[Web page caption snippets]

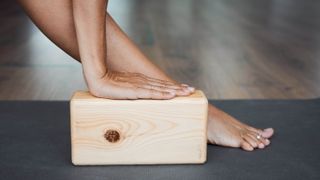 A wooden yoga block being used during a stretch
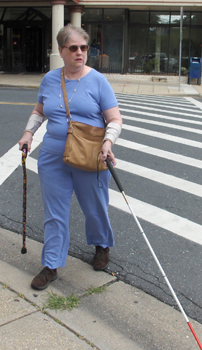 The woman has completed the crossing and is stepping out of the crosswalk.  She is still supporting herself with a support cane with a curved handle in her right hand, and reaching the long white cane ahead of her with her left hand (again her right foot is forward, and the tip of the long cane is reaching far ahead to her left).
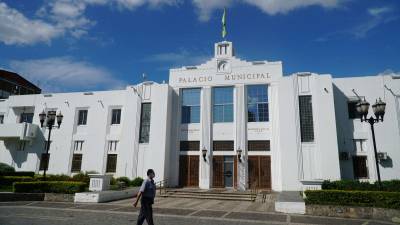 Un hombre camina frente al palacio municipal de San Pedro Sula.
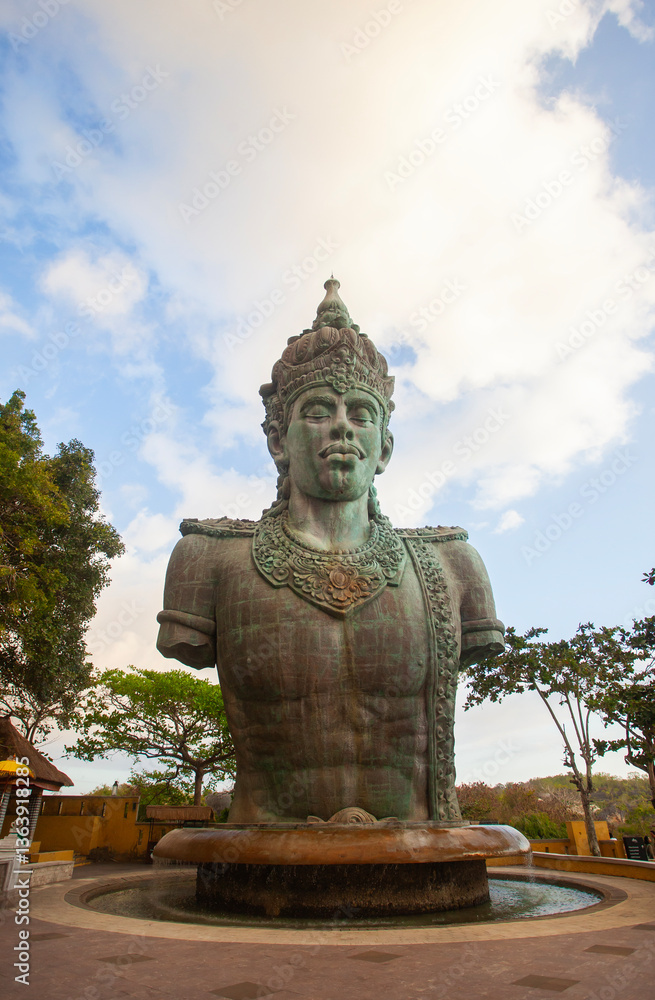 Half-body statue of Vishnu in the Garuda Wisnu Kencana complex in Bali Indonesia. In Hinduism, Vishnu is a god who is titled as shtiti, the maintainer of God's creation. Half-body statue of Vishnu in the Garuda Wisnu Kencana complex in Bali Indonesia. In Hinduism, Vishnu is a god who is titled as shtiti, the maintainer of God's creation.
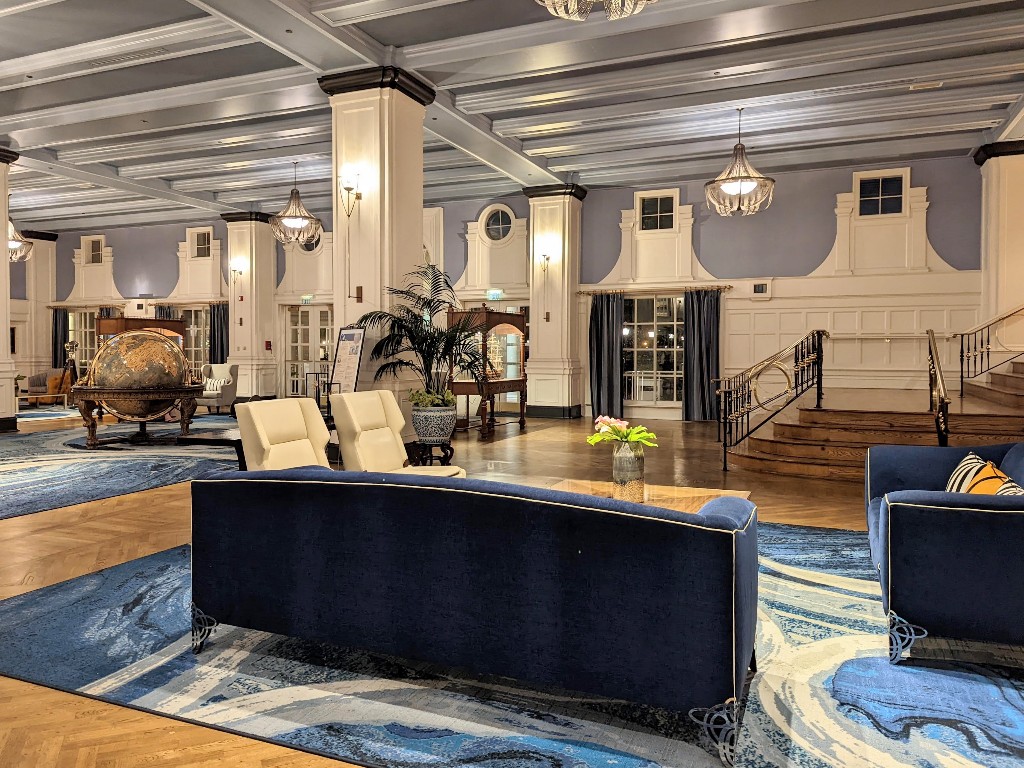 Blue hues of varying shades, white wainscoting, and a large globe welcome guests to Disney's Yacht Club Resort
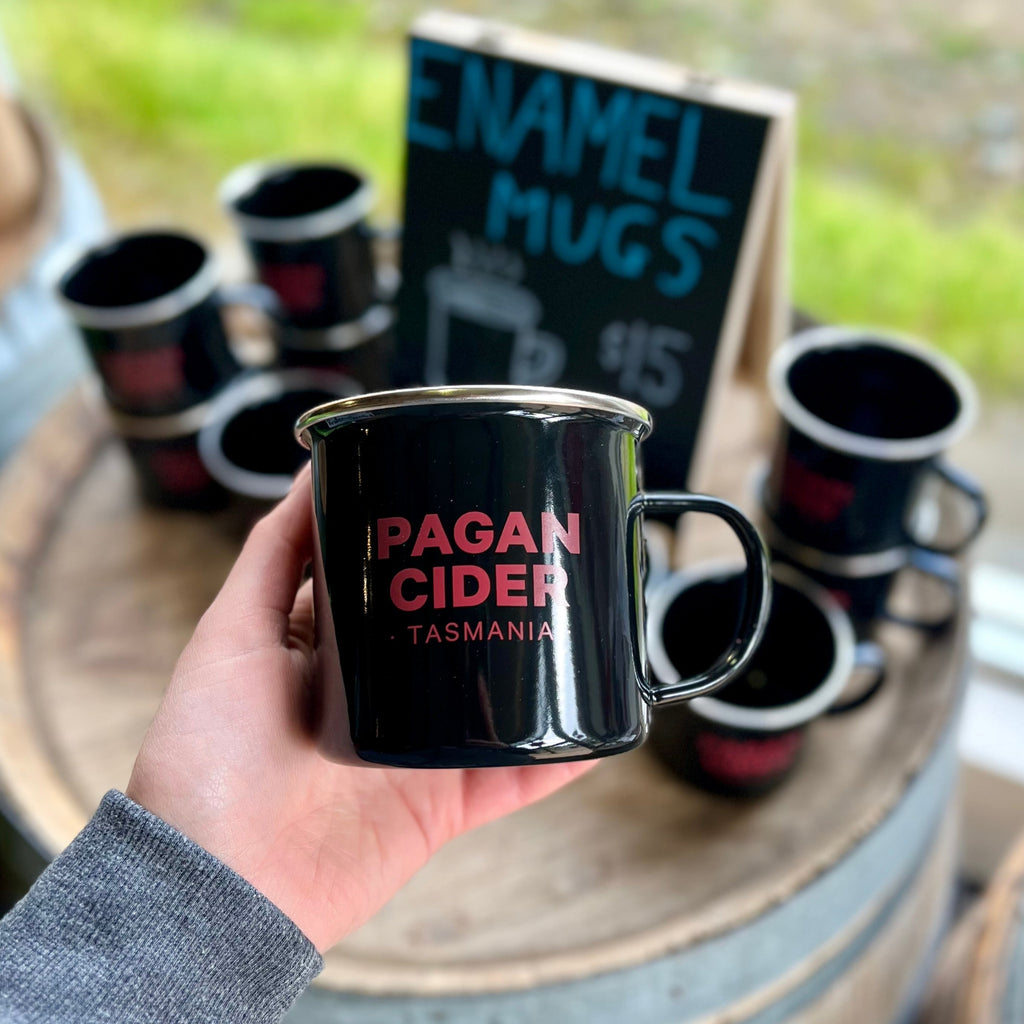 A hand holding a black enamel mug with 'PAGAN CIDER TASMANIA' text on it, displayed in front of a sign that reads 'ENAMEL MUGS'.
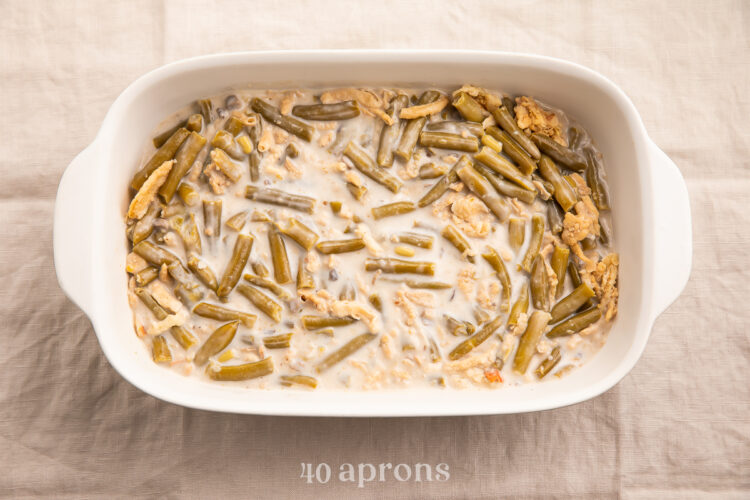 Overhead view of an unbaked make ahead green bean casserole in a large casserole dish.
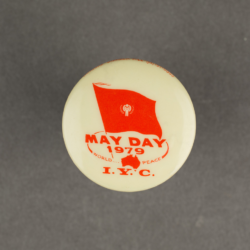 A white badge with red print with the words May Day.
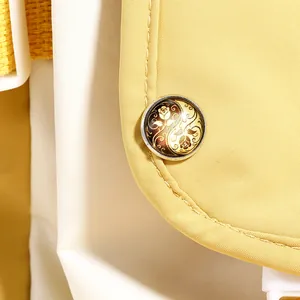 Macro di una spilla floreale yin yang vintage su dettaglio in tessuto di tela gialla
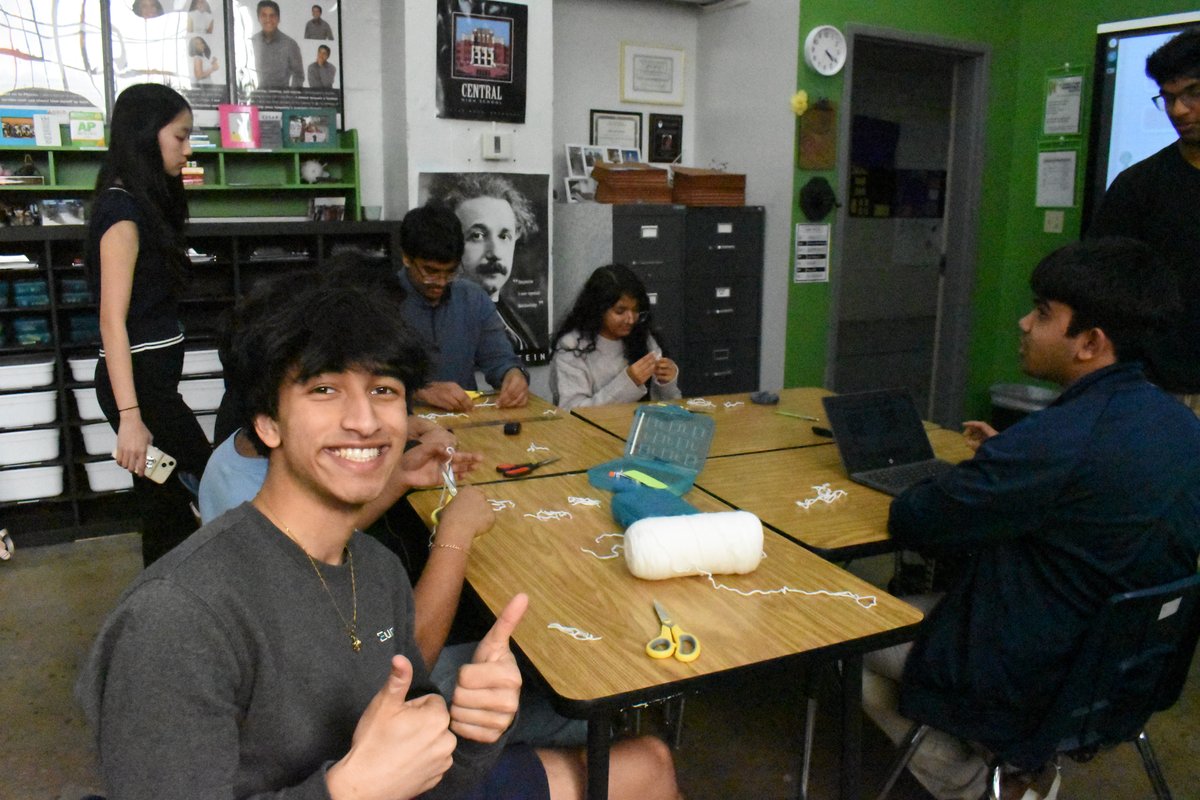 Member giving a thumbs up while assembling mini garden kits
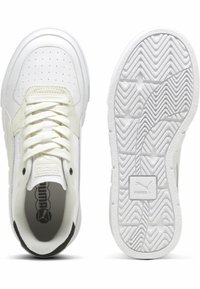 Baskets blanches avec un dessus en cuir texturé, bout rond et lacets plats. La semelle présente un motif ondulé et un accent noir au niveau du talon.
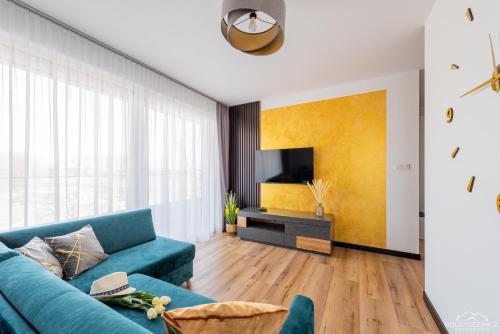 Una sala de estar con un sofá azul y un televisor. en Horyzont Apartamenty -Bałtycka2 - SAUNA & FITNESS - ŚNIADANIA, en Kołobrzeg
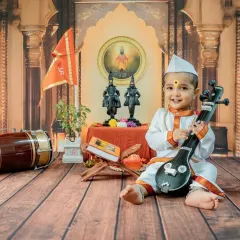 A playful shot with the baby holding a miniature veena. I use a variety of props in my cultural photoshoots to create diverse and engaging images.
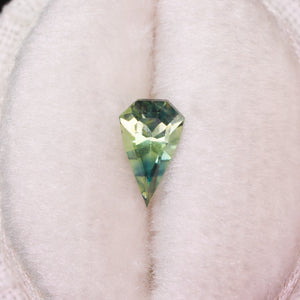 Create your own ring: 0.67ct green/bicolor elongated shield cut sapphire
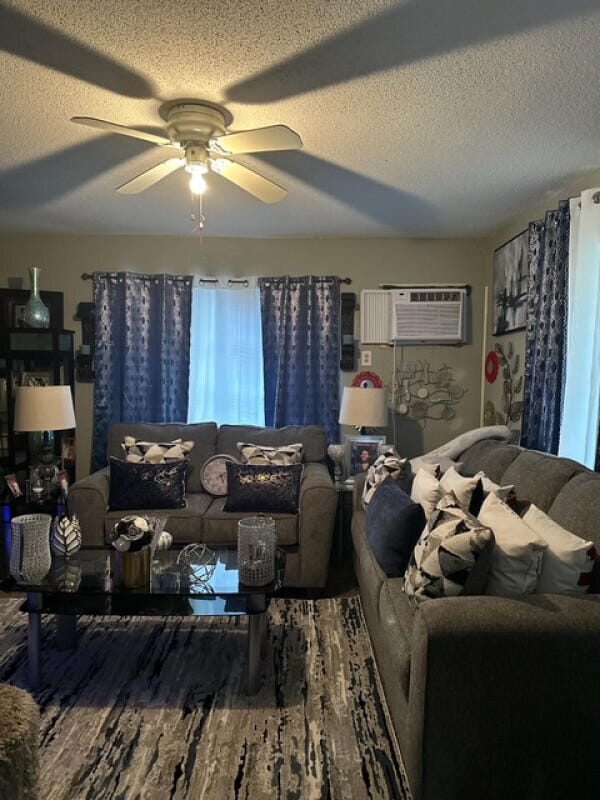 living room with a wall mounted air conditioner, ceiling fan, a textured ceiling, and hardwood / wood-style flooring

• _What the exercise asks_: Your reply should hold only the lines running from the one with "Baskets blanches avec" to the end of the data above, set down exactly, pictures omitted.

• _Answer for this exercise_:
 Baskets blanches avec un dessus en cuir texturé, bout rond et lacets plats. La semelle présente un motif ondulé et un accent noir au niveau du talon.
 Una sala de estar con un sofá azul y un televisor. en Horyzont Apartamenty -Bałtycka2 - SAUNA & FITNESS - ŚNIADANIA, en Kołobrzeg
 A playful shot with the baby holding a miniature veena. I use a variety of props in my cultural photoshoots to create diverse and engaging images.
 Create your own ring: 0.67ct green/bicolor elongated shield cut sapphire
 living room with a wall mounted air conditioner, ceiling fan, a textured ceiling, and hardwood / wood-style flooring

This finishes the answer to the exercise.